• **EXERCISE BRIEF**:
Could you retype the material, starting at its first line and ending with the line holding "logo-squadrone-system", and keep the pictures out?

• **SOURCE DATA**:
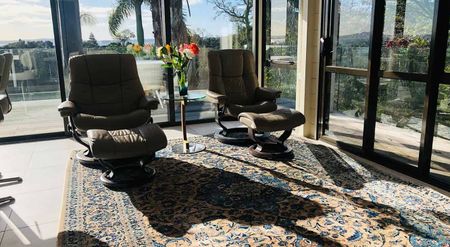 Paradise w/water view n large pool - Photo 2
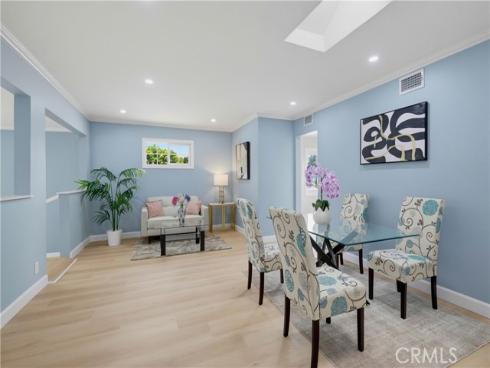 11531 Desmond , Garden Grove, CA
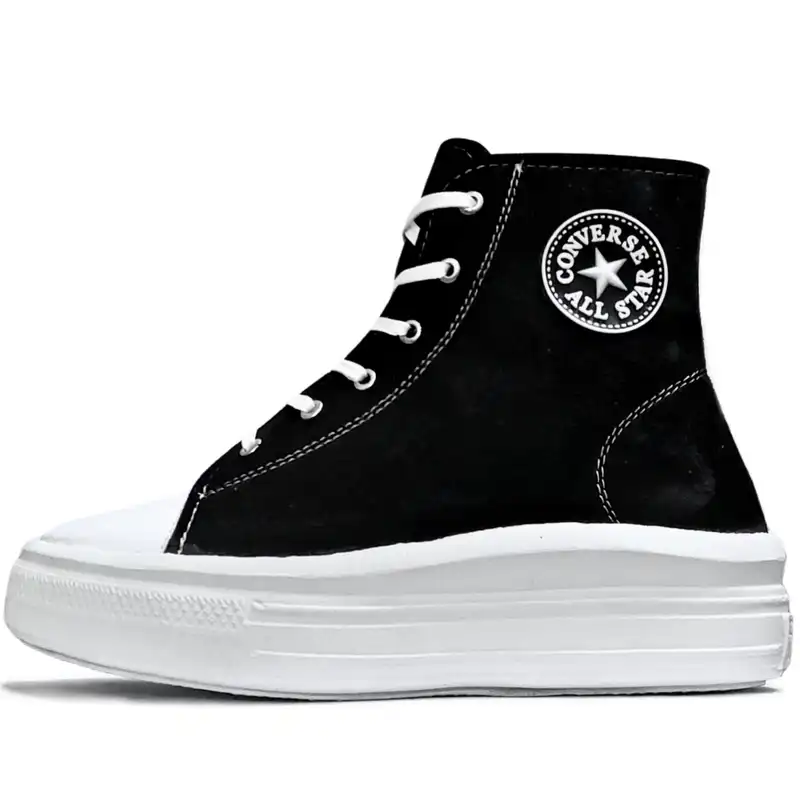 کفش پیاده روی مدل الستار M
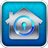 icon com.kbro.homesecurity(Home Protection) 2.9.5
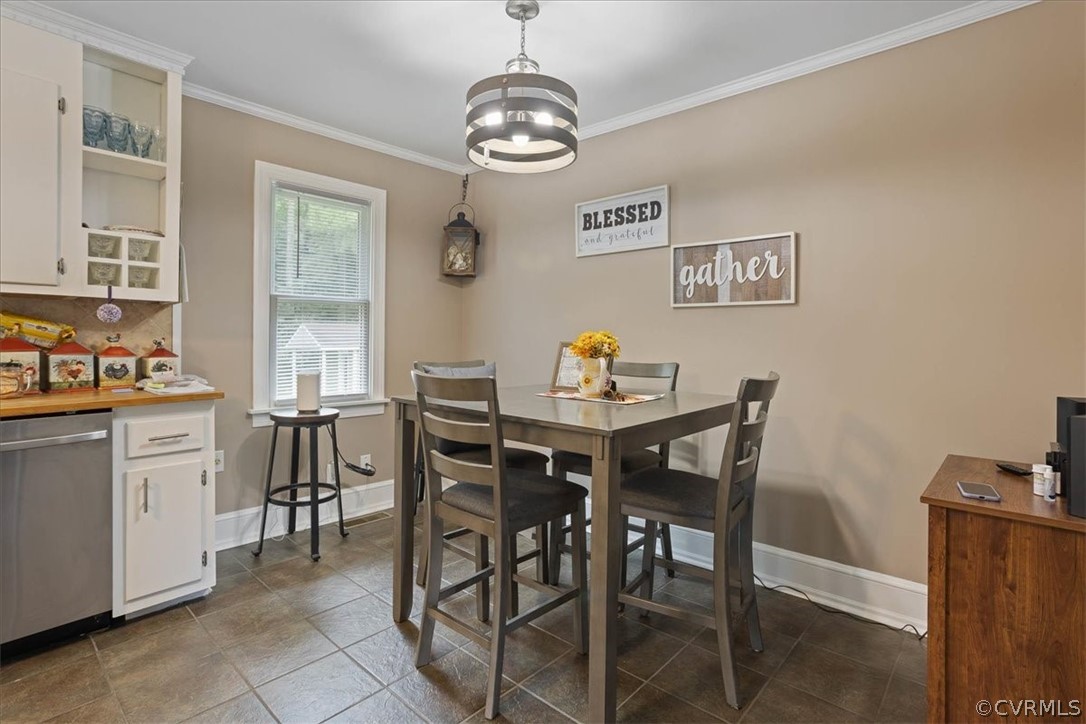25809 Smith Grove Road Petersburg, VA 23803 - Photo 8 of 28 Gallery Image 8
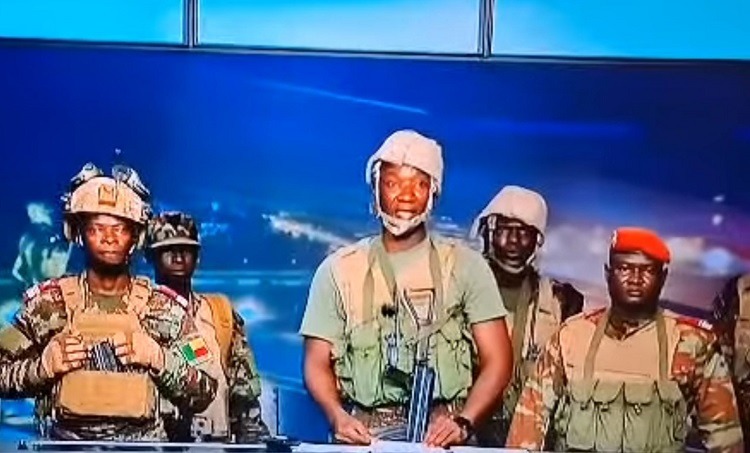 Benin-coup-announced-live-on-TV-scaled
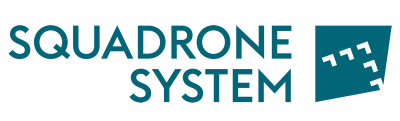 logo-squadrone-system
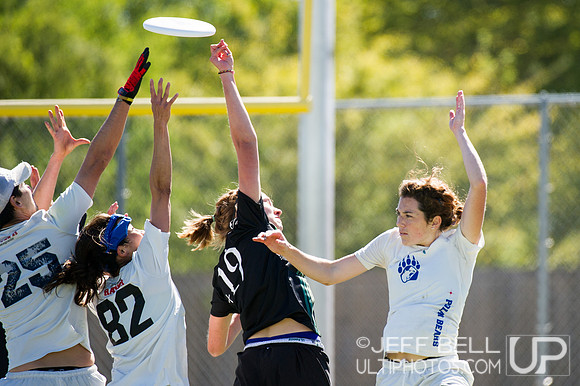USAU_Nationals_2013_Saturday_20131019_131258_JBP8490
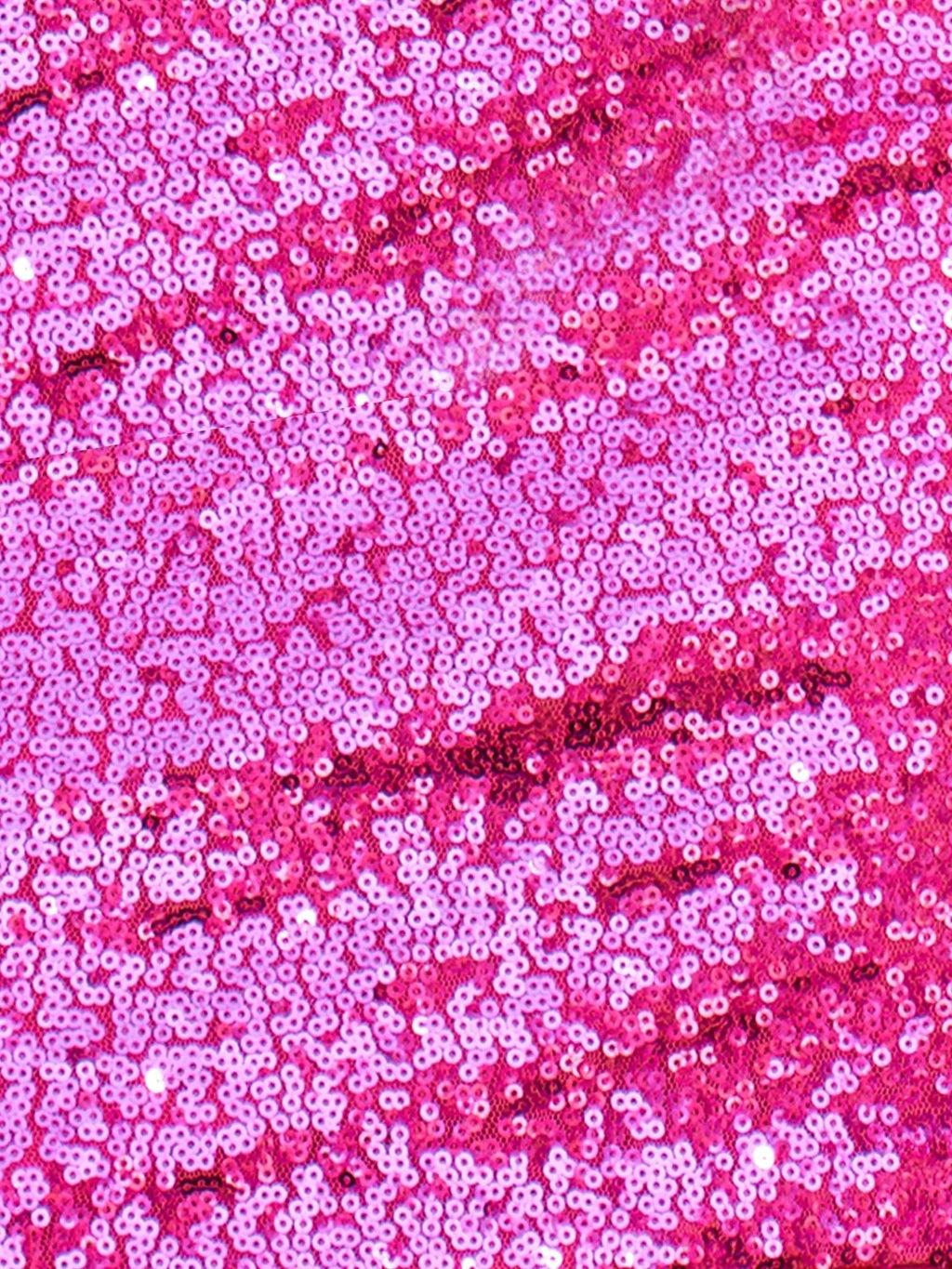 Sheath Fuchsia Off the Shoulder Sequin Short Homecoming Dress by KissProm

• **ANSWER SECTION**:
 Paradise w/water view n large pool - Photo 2
 11531 Desmond , Garden Grove, CA
 کفش پیاده روی مدل الستار M
 icon com.kbro.homesecurity(Home Protection) 2.9.5
25809 Smith Grove Road Petersburg, VA 23803 - Photo 8 of 28 Gallery Image 8
 Benin-coup-announced-live-on-TV-scaled
 logo-squadrone-system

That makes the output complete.